On one of the campaign days, the company announced that the grand prize number for that day was 349. However, because of a computer error, 800,000 regular bottle caps had been printed with the number 349. Theoretically, these bottle caps were cumulatively worth $32 billion. The company offered $18 to holders of the mistakenly printed bottle caps, as a “gesture of goodwill,” and it cost the company $8.9 million. This story seriously damaged the company’s reputation, and about 22,000 people took legal action against PepsiCo.
A prize in a can
In the beginning of the 1990’s, Coca-Cola developed a special mechanical can called MagiCan. Coca-Cola wanted to bring its fans prizes but eventually lost $100 million while some of its consumers decided that they had been poisoned. In this promotion, some Coca-Cola cans had cash prizes or gift certificates inside instead of Coca-Cola. The prizes were spring-loaded to pop out of the top once the can was opened. To make the cans feel and weigh normal, and prevent people from easily finding the prize cans, a sealed area within the cans was filled with a mixture of chlorinated water and a foul-smelling substance to discourage drinking.
However, they didn’t inform the consumers that a MagiCan looks the same as a regular can. And as a result, the company received many complaints about the foul-smelling drink and ruined prizes, and some of the consumers had to go to the hospital. The company had to finish the promotion after just 3 weeks.
Body-shaming body washes
Dove is well-known for its ‘Real Beauty’ brand campaign. Once Dove put out a set of ‘limited edition body washes’ with 6 different, kinda-woman-shaped, bottles trying to show that a woman’s body is beautiful in any shape.
The promotion ended up to be a failure because women didn’t want to choose bottles in accordance with their body type. Women perceived the campaign idea to be insulting and contradicting to the main Dove brand message.
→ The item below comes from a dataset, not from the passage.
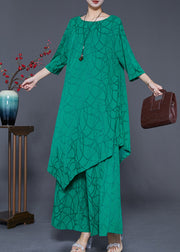 Boho Green Asymmetrical Design Silk Two Pieces Set Summer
Free coffee for the rich and famous
Shortly after Prince Harry and Meghan announced that they’d be stepping back from their senior royal roles and splitting their time between North America and the U.K., Tim Hortons decided to jump in with an offer it hopes will sway the couple to come to Canada. “No pressure, Meghan and Harry, but if you do choose to move to Canada, free coffee for life. Think about it,” the restaurant wrote on its official Twitter account.
It was supposed to be funny, but the company received a lot of negative comments about their employment practices on social networks. “Sort out paying your workers a living wage before you start giving freebies to the rich,” one of the comments said.
Social networks can be unpredictable
Many big companies suffered loss when tried to become friends with their consumers on social networks. Like McDonald’s who launched a Twitter campaign using the hashtag #McDStories — it was hoping that the hashtag would inspire heart-warming stories about Happy Meals.
The campaign had to be stopped after 2 weeks because people started sharing their negative feedback on these fast food restaurants instead of inspiring stories. The final straw became the revelations of former McDonald’s employees who were sharing the restaurants’ secrets.